[Opening DATA PROVIDED section]

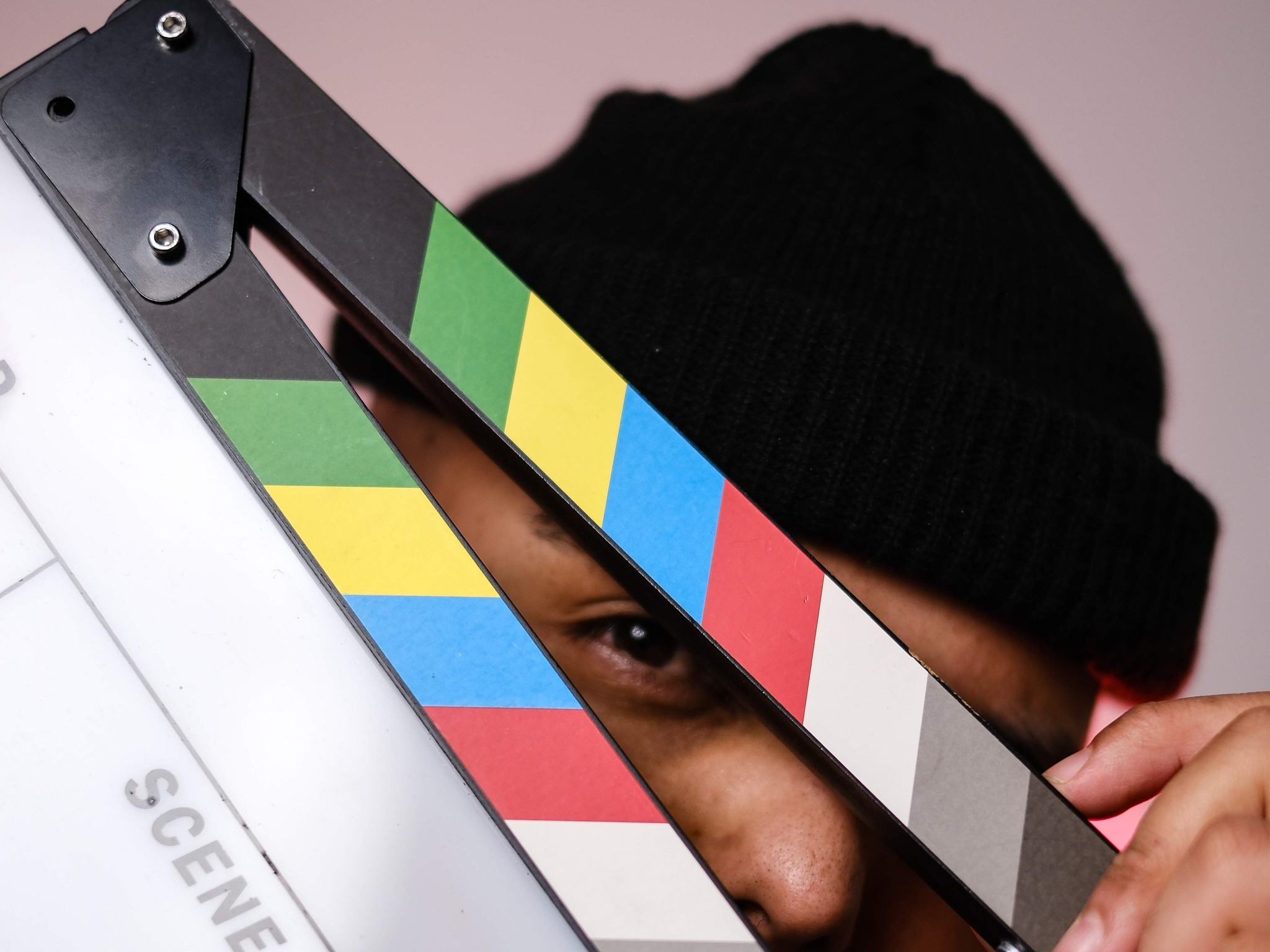 Black and white photo of man posing on camera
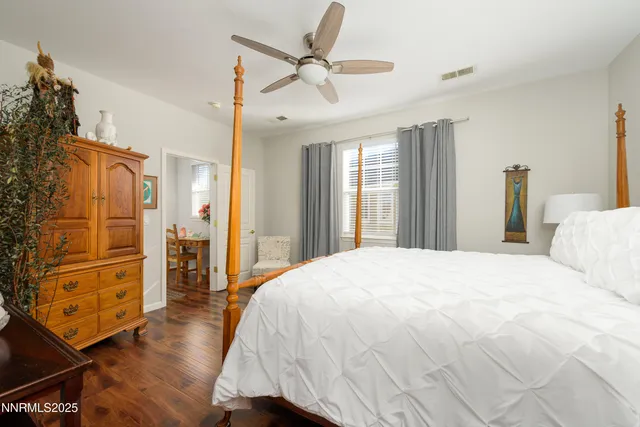 a spacious bedroom with a bed and a closet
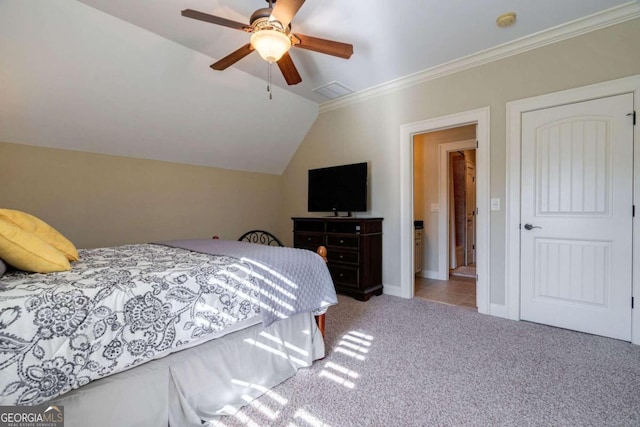 bedroom featuring ceiling fan, light colored carpet, lofted ceiling, and ornamental molding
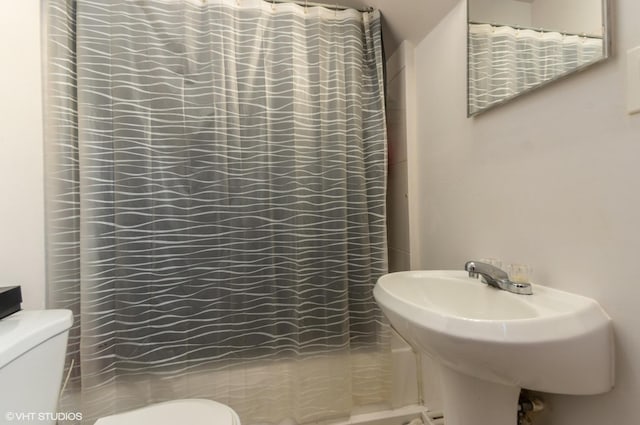 full bath with a shower with curtain, toilet, and a sink
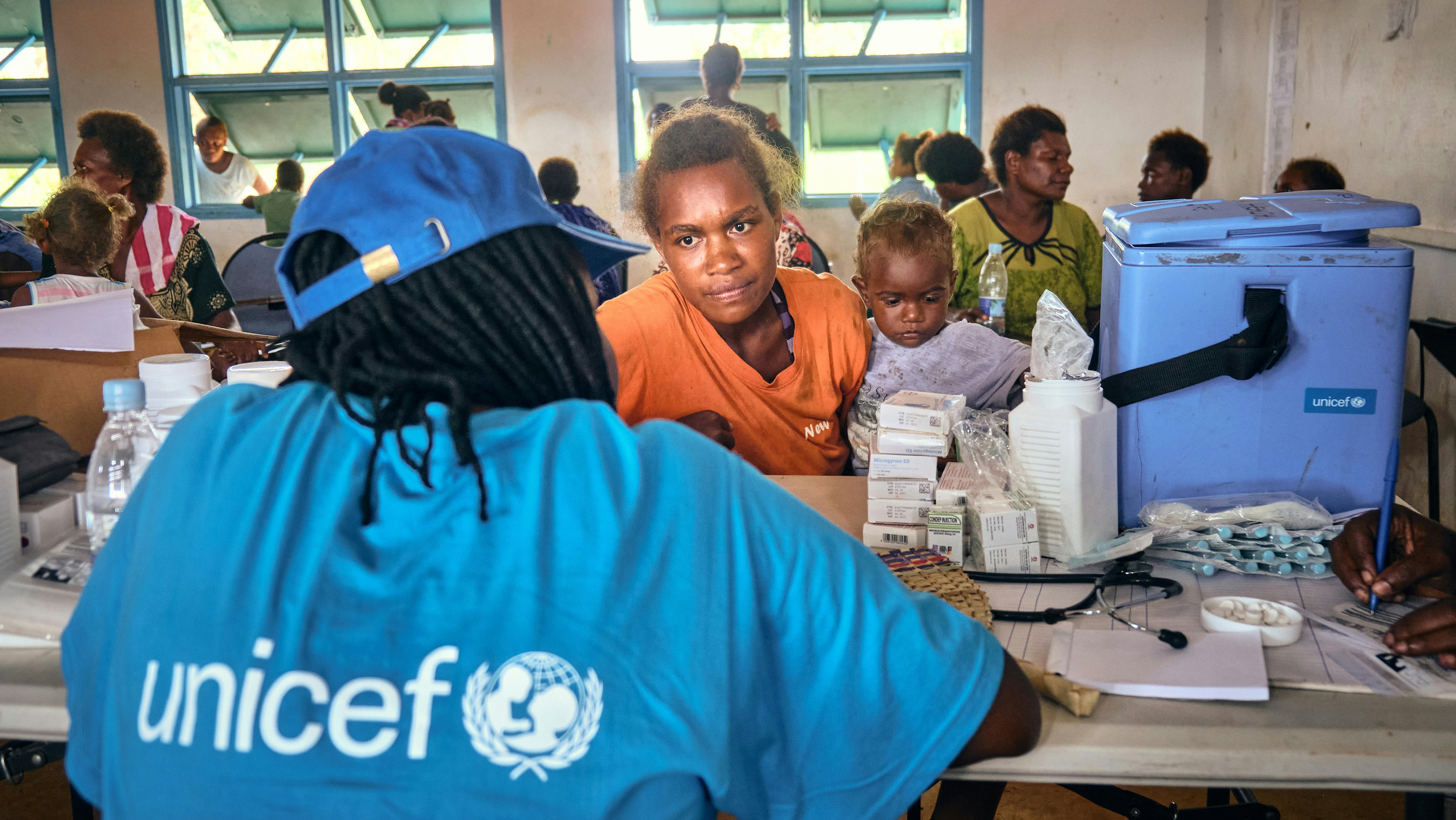 Vanuatu, Esaù, 11 mesi, si siede sulle ginocchia di sua madre mentre lei parla con un membro dello staff dell'UNICEF prima di vaccinarlo.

[Closing DATA PROVIDED section]

■ PROBLEM DESCRIPTION ■
Make an exact copy of every record, pictures excluded.

■ OUTPUT OF THE EXERCISE ■
 Black and white photo of man posing on camera
 a spacious bedroom with a bed and a closet
 bedroom featuring ceiling fan, light colored carpet, lofted ceiling, and ornamental molding
 full bath with a shower with curtain, toilet, and a sink
 Vanuatu, Esaù, 11 mesi, si siede sulle ginocchia di sua madre mentre lei parla con un membro dello staff dell'UNICEF prima di vaccinarlo.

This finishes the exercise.